Viewing the data spatially also presents some questions.  For instance, there are no points located in South Carolina, despite the fact that emigration occurred to North Carolina and Georgia.  Is there a good historical reason for this?  More curiously, there are no data points in any northern states.  Is this true, or does it suggest an anti-northern bias in the way Woods, writing only 35 years after the Civil War, compiled his data?

Another oddity is noticeable when looking at residents who emigrated to Illinois.  Out of 26 emigrants to the Prairie State, only four of them (two couples) had a destination county listed.  The other 22 are unlocated and are all single men.  Is this coincidence?  Was there something about Illinois that encouraged single men, and not couples or families, to journey there?  Or does the fact that their destination is unknown imply that Woods had less information about these individuals, and therefore may not have known who they traveled with?

 

Answering these questions is beyond the scope of this article.  For now, I hope I’ve shown how our understanding of historic data can be improved by plotting it spatially and applying GIS tools.  Seeing these locations displayed interactively, as opposed to in a printed list, also makes it easier to form questions and plan further research.  Please feel free to leave a message or email with any comments or questions.

 

Mapping Albemarle Emigration

I’m a big fan of the book “Albemarle County In Virginia” by Edgar Woods for two reasons: 1) it’s a thorough history of the County packed full of names and places, and 2) the Internet Archive has a full copy digitized and OCR’d.  This makes it relatively easy to search through the text and plot all those place names on a map.  In Appendix 8, Woods provides a list of Albemarle County residents who emigrated to other states along with their destinations.

Movement was not uncommon in 18th and 19th century American.  Woods remarks on this on page 55 of his book:

The migratory spirit which characterized the early settlers, was rapidly developed at this period. Removals to other parts of the country had begun some years before the Revolution. The direction taken at first was towards the South. A numerous body of emigrants from Albemarle settled in North Carolina. After the war many emigrated to Georgia, but a far greater number hastened to fix their abodes on the fertile lands of the West, especially the blue grass region of Kentucky. For a time the practice was prevalent on the part of those expecting to change their domicile, of applying to the County Court for a formal recommendation of character, and certificates were given, declaring them to be honest men and good citizens.”

The list Woods provides stretches for nine pages.  I thought it would be interesting to put all those names on a map and then build an Esri Web App to help explore this data.  The rest of this article will cover how  I went from this:

Albemarle Emigrants listed by Woods

To this:

The app is available here.  If you’re less interested in the gritty technical details, feel free to jump to my next post about using the app to draw conclusions about Albemarle emigration.
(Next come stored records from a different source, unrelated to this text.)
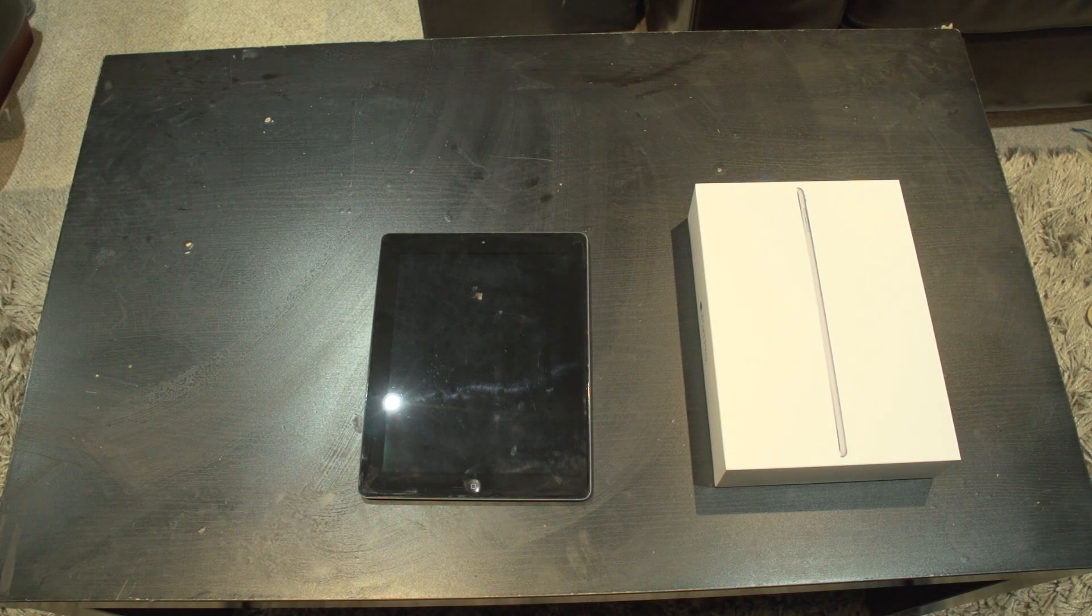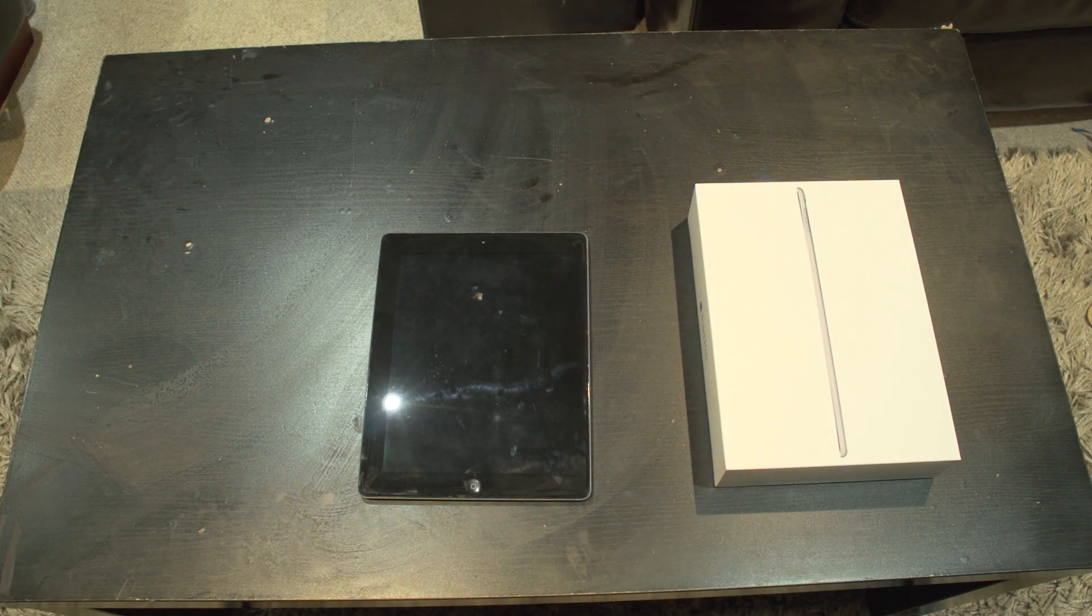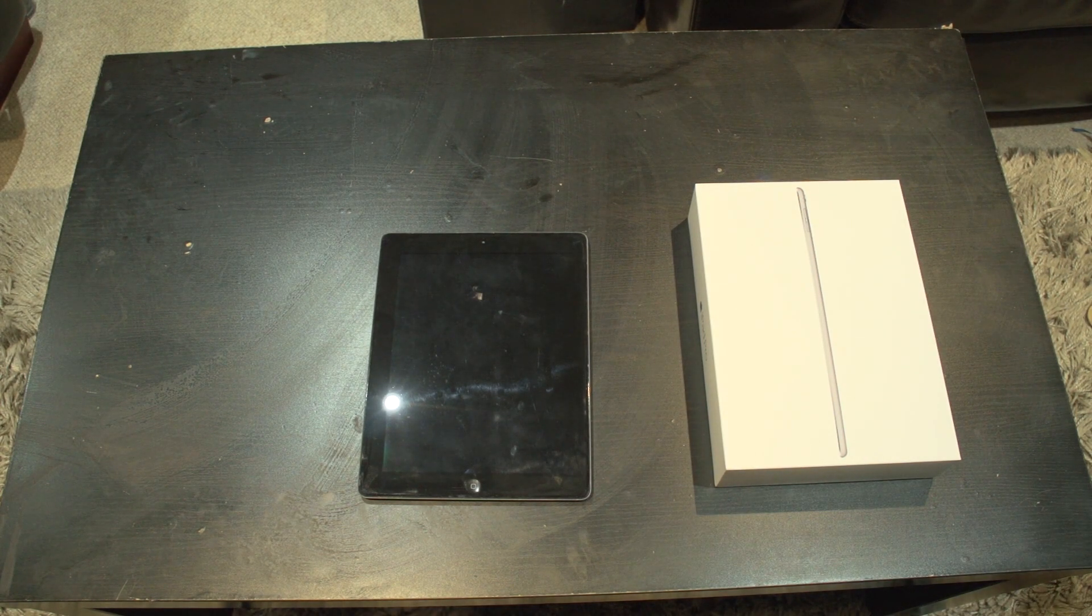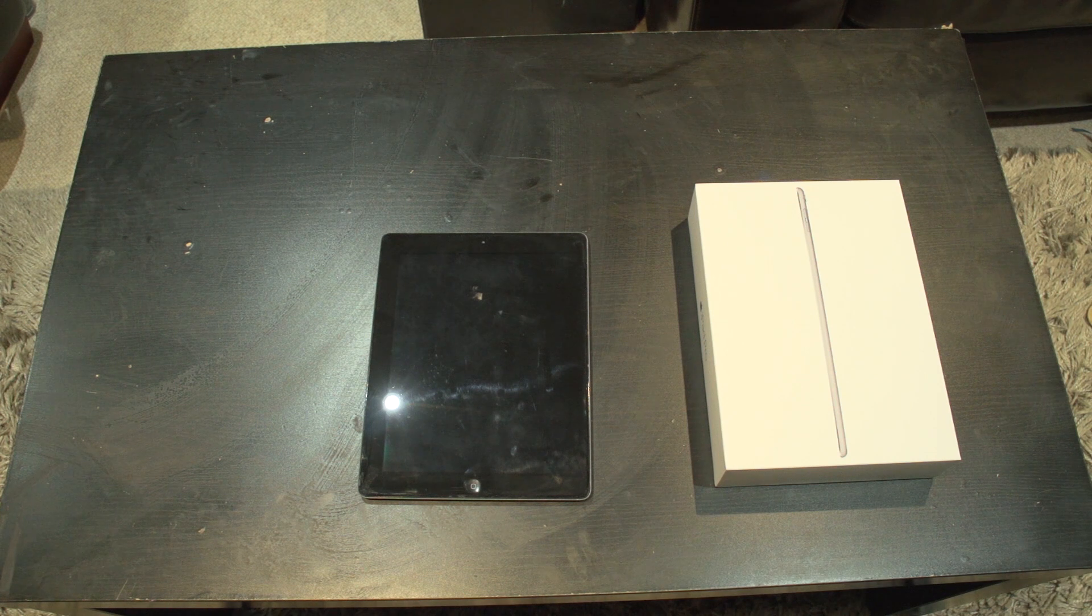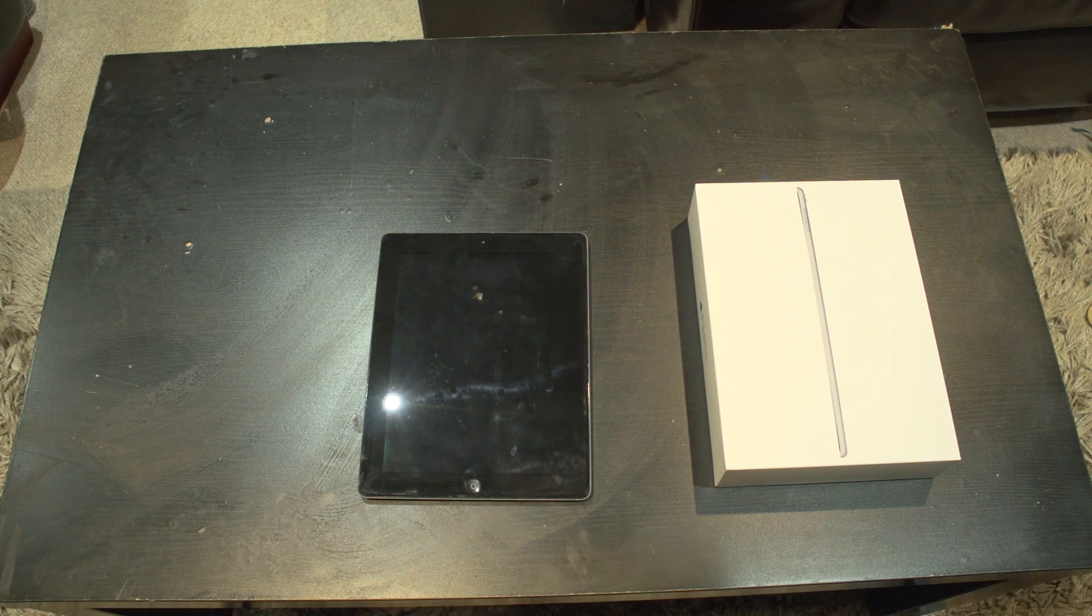Hello the internet. This is an iPad Pro 9.7 inch unboxing and review.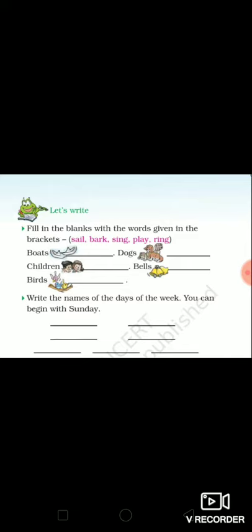Next exercise: write the names of the days of the week. You can begin with Sunday.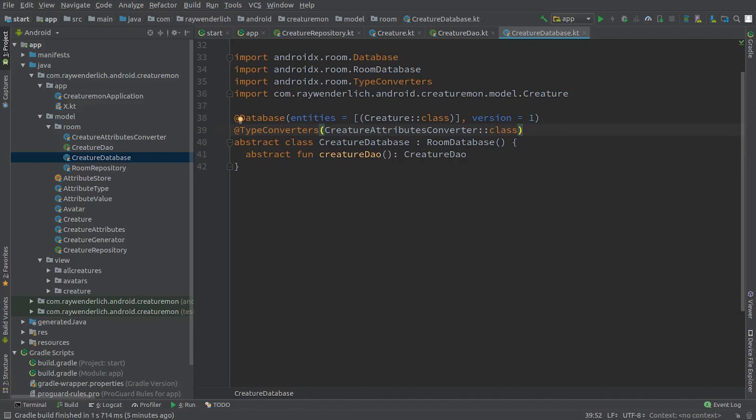We've also added a TypeConverter for storing Creature attributes in the database. The CreatureAttributesConverter class was included in the starter project, and just converts the Creature attributes for storage in Room.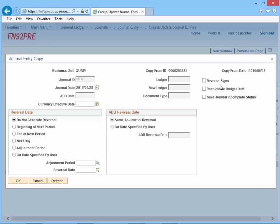Select the Reverse Signs checkbox only when the purpose of the new entry being created is to copy the existing entry using reverse signs — for example, the original debit will be entered as a credit and vice versa. Always select the Recalculate Budget Date checkbox. The Save Journal Incomplete Status feature will be used a little later in the demonstration. Click the OK button.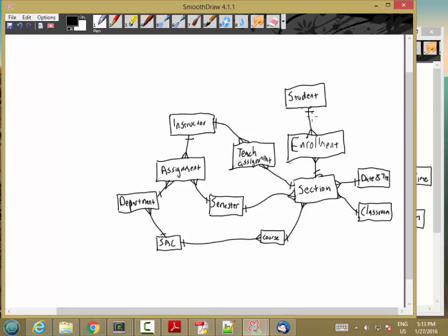Now let's do the minimum cardinalities. For enrollment and the other intersection entities, we stated this is a record of exactly one student enrolled in exactly one section, so the minimum cardinalities on both sides are one. Same thing with teach assignment, and same with the instructor-semester-department assignment. Section has exactly one of each of these, all by definition when I created the intersection entities.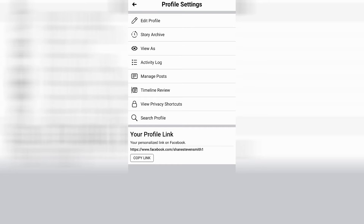That will open up your profile settings page where you're going to want to go to the second heading down where it says story archive. Go ahead and click on story archive.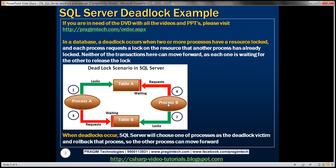Finally, Process B is done updating Table B and now it wants to update Table A, but Process B is not allowed to acquire a lock on Table A because Process A has already locked that resource. So in this case, Process B is waiting on Process A to release the lock on resource Table B. So here we have a deadlock situation.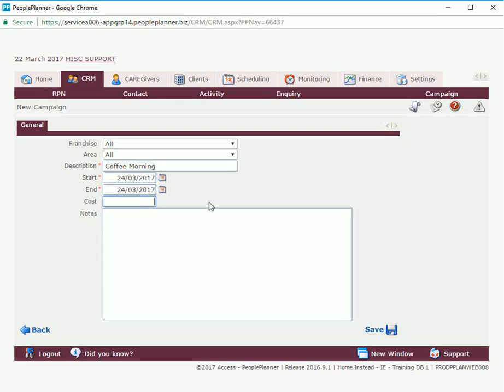Or a budget of 200 euro and then any notes associated with our coffee morning can go in here. Then just click save.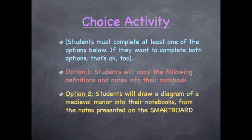Because I teach special education, I feel it is very necessary to give my students a choice of activities they can complete in class. Students must complete at least one of the options I provide; however, if they want to, they can complete both. The first option is for students to copy definitions and notes into their notebooks, and the second option is for students to draw a diagram of a medieval manor from the notes presented on the smartboard.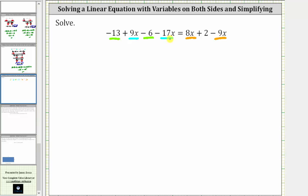Simplifying on the left, let's combine the x terms first. Nine x minus 17x is equal to negative eight x, and then negative 13 minus six is equal to negative 19, giving us minus 19. Now simplifying on the right side, eight x minus nine x is equal to negative one x, or just negative x. The right side simplifies to negative x plus two.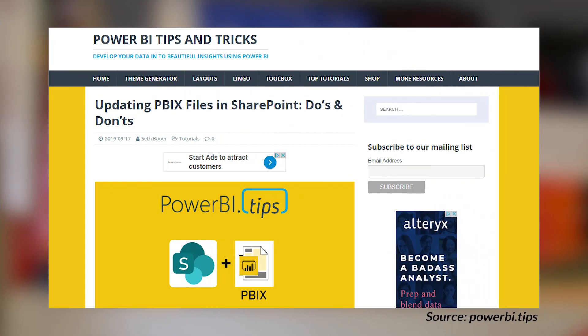Seth Bauer over at Power BI Tips and Tricks has got a blog post looking at do's and don'ts when you're working with a SharePoint folder. So you've got your PBIX file in that SharePoint folder. Back in my previous team, I actually used this approach when working with a Power BI Desktop file, just to make sure that the rest of my team had access to that file. The whole reason you would want to host that PBIX file in a SharePoint folder is you can go through, get data, and pull that PBIX in, and it will automatically refresh whatever's in that file contents every hour.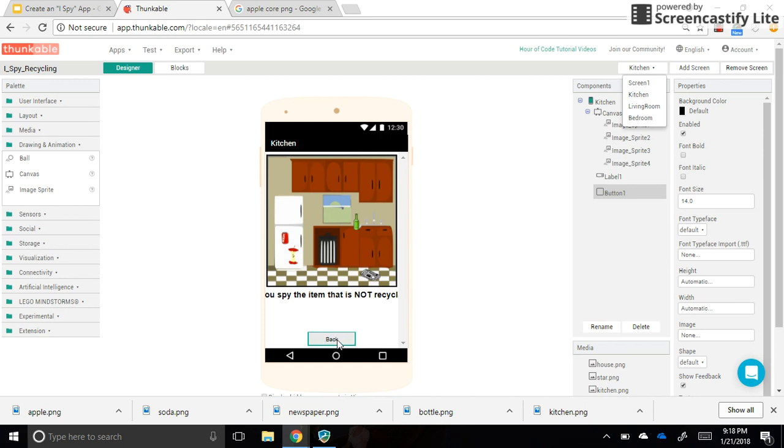I will see you in the next and final video, where I show you how to get sound attached to these image sprites so your user can play your I Spy game.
Note: Although I’ll explain the steps I took, my focus is on the general process and not documenting every detail 100%.  Therefore I may skip over some minor sub-steps for the sake of brevity.  Feel free to email or post a comment if you have questions.

Preparing the Data

The first step was to format and prepare the list of names/places so they could be geocoded (assigned geospatial coordinates for plotting on a map).   The Internet Archive has already done the hard work of scanning  and OCRing (converted the words in an image to text).  Here’s a sample of what the data looks like:

OHIO. 

James and Mary (Woods) Garth 

William and Elizabeth (Davis) Irvin, L^ancaster 

Thomas Irvin, Lancaster 

Martin and Mildred Dawson, Gallia Co. 

Andrew J. Humphreys, Logan Co. 

John Wiant, Champaign Co. 

John and Sarah Garrison, Preble Co.

The text is semi-structured which makes it easier to work with.  The list is organized into sections by state.  Each line below the state name gives the name of an individual, or spouse, with their destination separated by a comma.  Most of the names are located at the county level, however some are at the city level and others are blank.

For this type of work I like using Excel for my data cleaning.  I copied the entire list, about 700 rows, into a spreadsheet .  Initially the spreadsheet looked like this:

excel1

Notice all the white space?  The OCR process can be messy and in this case left some sections of the list with blank lines between names.  The OCR process also captures the name of the book and page number printed at the top of every page.  On line 679 you’ll also notice an OCR artifact, where “ILLINOIS” is spelled  “IIvI^INOIS”.  This type of occurrence is sprinkled throughout the text.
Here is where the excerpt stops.